__Exercise instructions__. Omitting all pictures, retype the entries below exactly as given.

-- Opening Marker --

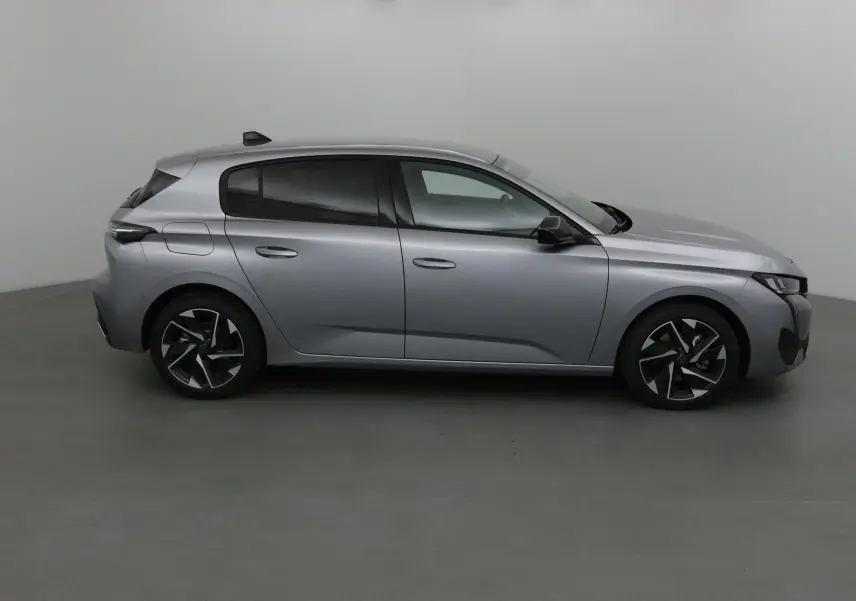 Peugeot 308 gris Artense vue de profil côté gauche dans un studio avec jantes alliage noires et grises.
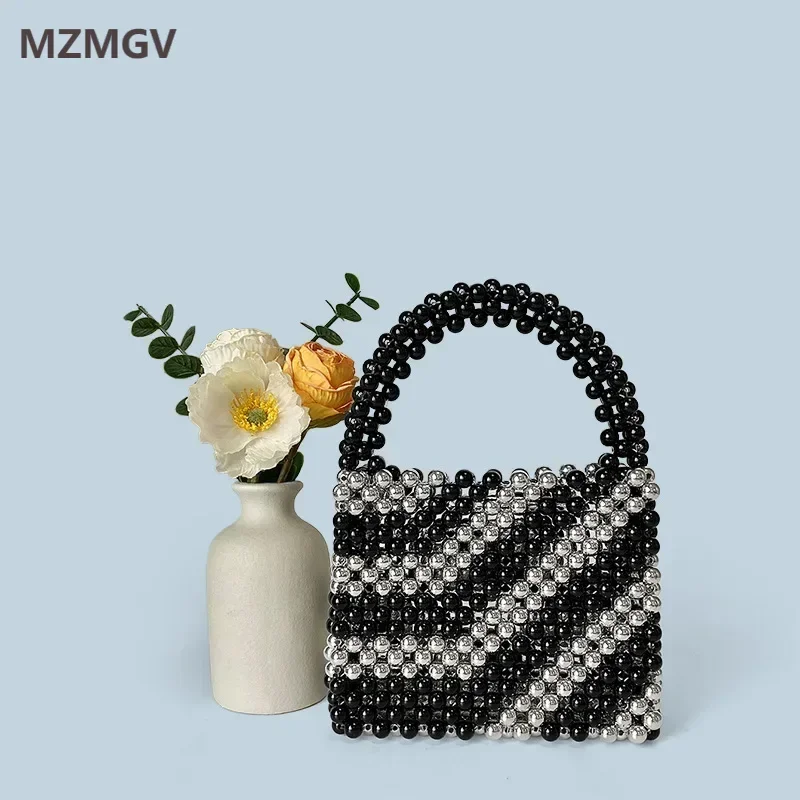 Women's Vintage Black Patchwork Silver Beaded Handbag Luxury High Quality Hand-woven Acrylic Pearl Small Bag Female Evening Bag
Women's Vintage Black Patchwork Silver Beaded Handbag Luxury High Quality Hand-woven Acrylic Pearl Small Bag Female Evening Bag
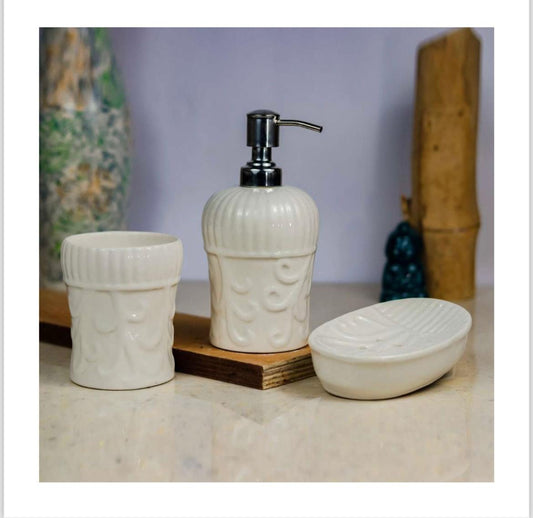White Solid Ceramic Bathroom Set – 3-Piece Elegant Bathroom Accessories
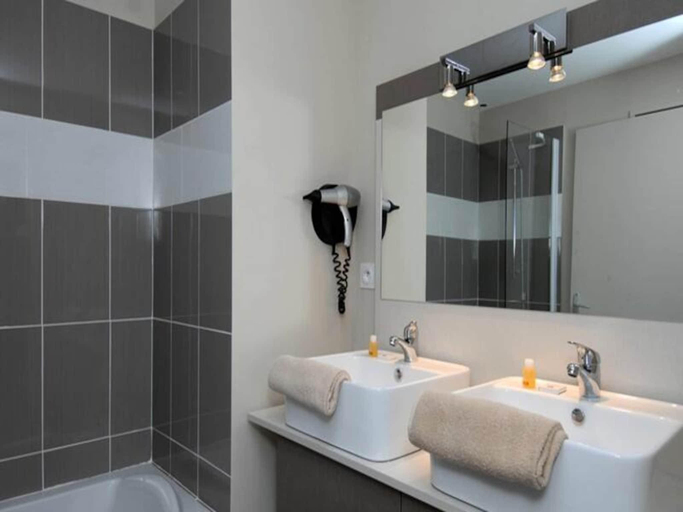 Bathroom, Residence Odalys du Golfe, Hérault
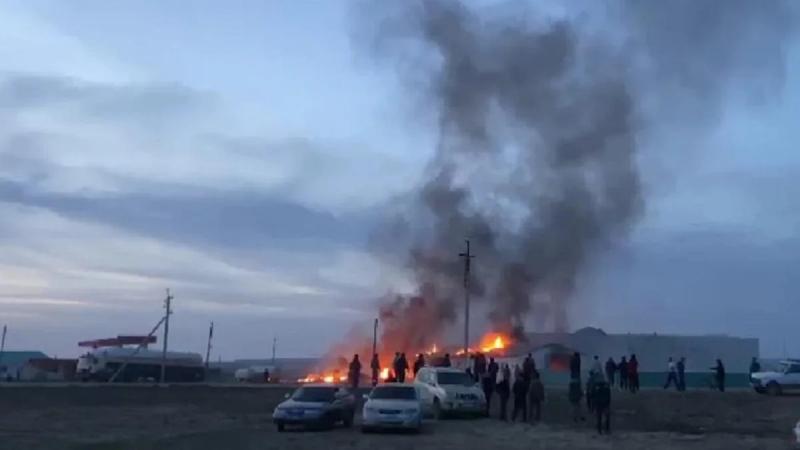 Цистерна с газом взорвалась в Актюбинской области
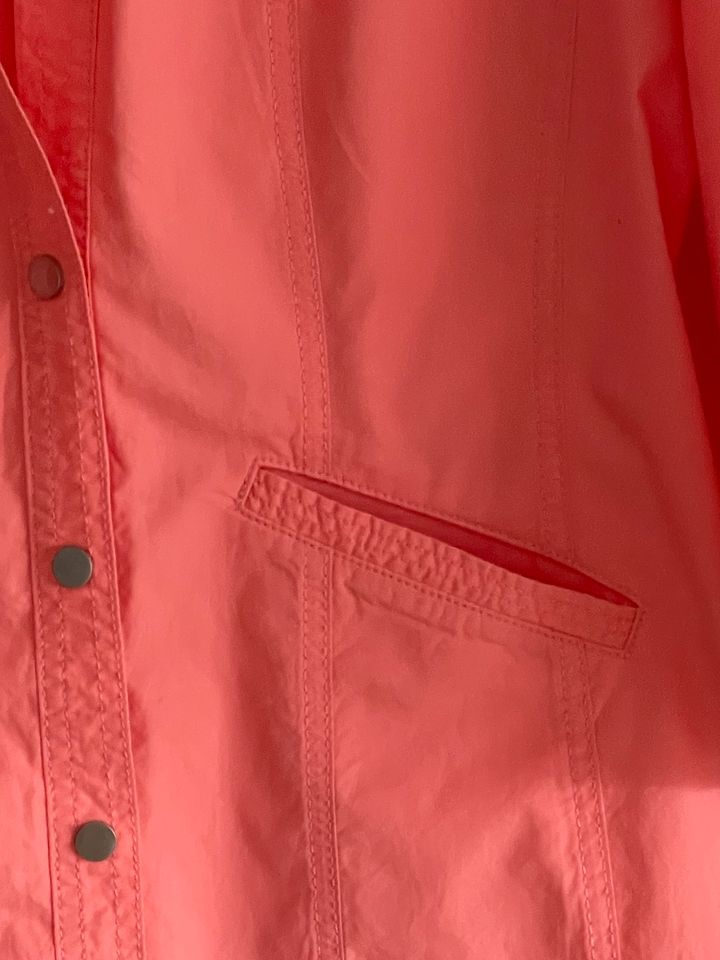 Gerry Weber Sommerjacke Leichte Jacke Baumwolle Gr.40 Korallenrot in Schorndorf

-- Closing Marker --

__Solution for this problem__.
 Peugeot 308 gris Artense vue de profil côté gauche dans un studio avec jantes alliage noires et grises.
 Women's Vintage Black Patchwork Silver Beaded Handbag Luxury High Quality Hand-woven Acrylic Pearl Small Bag Female Evening Bag
Women's Vintage Black Patchwork Silver Beaded Handbag Luxury High Quality Hand-woven Acrylic Pearl Small Bag Female Evening Bag
White Solid Ceramic Bathroom Set – 3-Piece Elegant Bathroom Accessories
 Bathroom, Residence Odalys du Golfe, Hérault
 Цистерна с газом взорвалась в Актюбинской области
 Gerry Weber Sommerjacke Leichte Jacke Baumwolle Gr.40 Korallenrot in Schorndorf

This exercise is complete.